In some cases, the difference is only that the root bus has a limited
set of devices that are allowed to be accessed, so there would
likely be no benefit of this, compared to e.g. yet another callback
that checks the validity.
Some other instances have type0 registers at a different memory location
from type1, some use different layout inside of that space, and some
are completely different.
The type0/type1 distinction still seems out of place to me at the call
site.  Is there any other reason a caller would care about the
difference between type0 and type1?
The callers really shouldn't care, but they also shouldn't call the
pci_ops function pointer (and as we found earlier, there are only
three such callers).

The distinction between type0 and type1 in my mind is an implementation
detail of the pci_{read,write}_config_{byte,word,dword} functions
that call the low-level operations here.
The caller is performing one abstract operation: reading or writing
config space of a PCI device.  In the caller's context, it makes no
difference whether it's a type0 or type1 access.
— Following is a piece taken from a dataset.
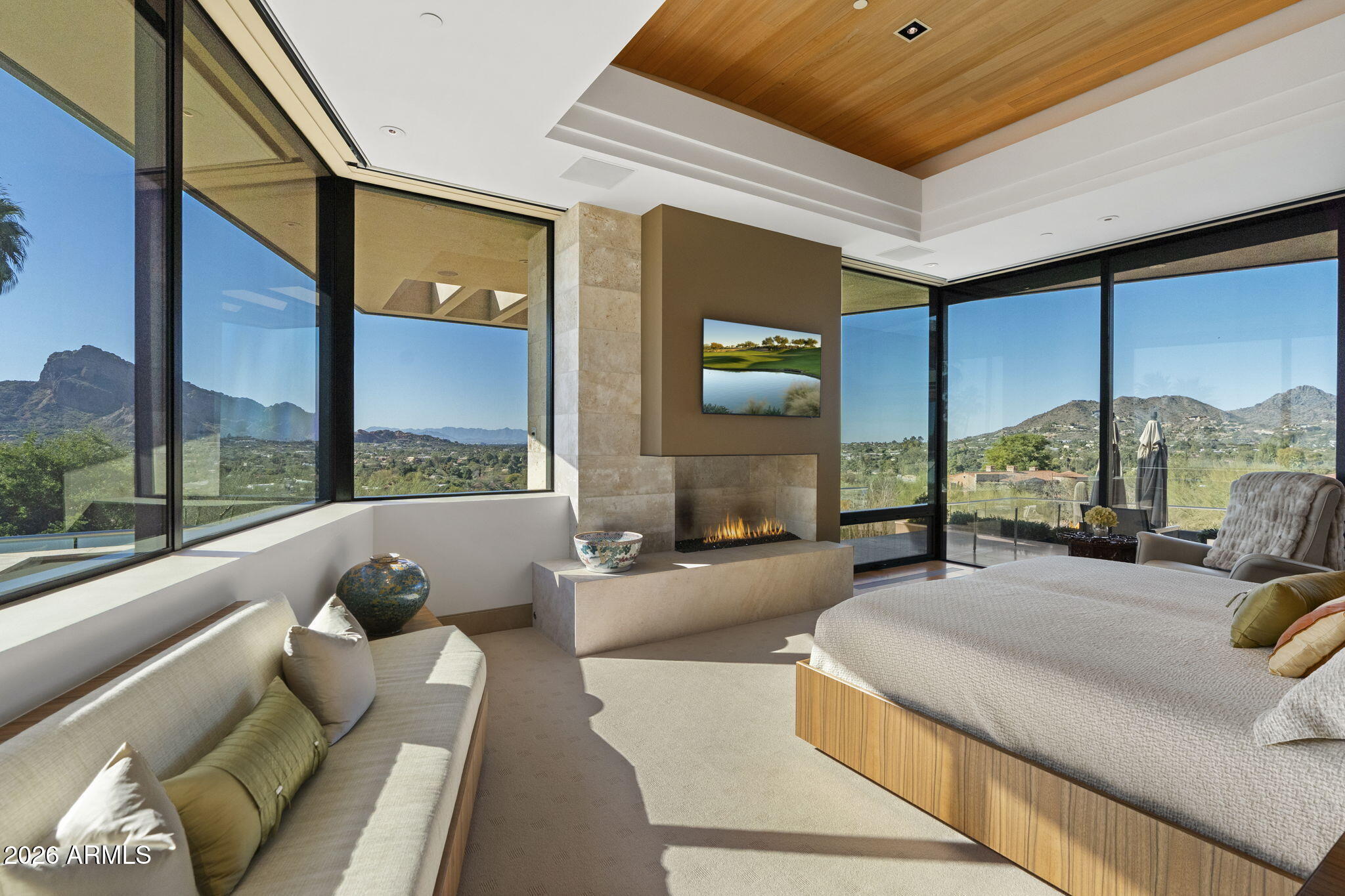 5248 East Arroyo Road Paradise Valley, AZ 85253 - Photo 4 of 31 a spacious bedroom with a large window and a balcony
Moving the test from the host bridge driver to pci_read_config_byte()
does move a little code from the callee to the caller, and there are
more callees than callers, so in that sense it does remove code
overall.  If you consider a single driver by itself, I'm not sure it
makes much difference.

The pcie-designware.c patch is a net removal of 17 lines, but that's
not all from moving the type0/type1 test: restructuring along the same
lines but keeping the original type0/type1 test removes about 9 lines.

Anyway, I think I'd rather work first on your RFC patches to make
pci_host_bridge the primary structure for probing PCI.  I think
there will be a *lot* of benefit there.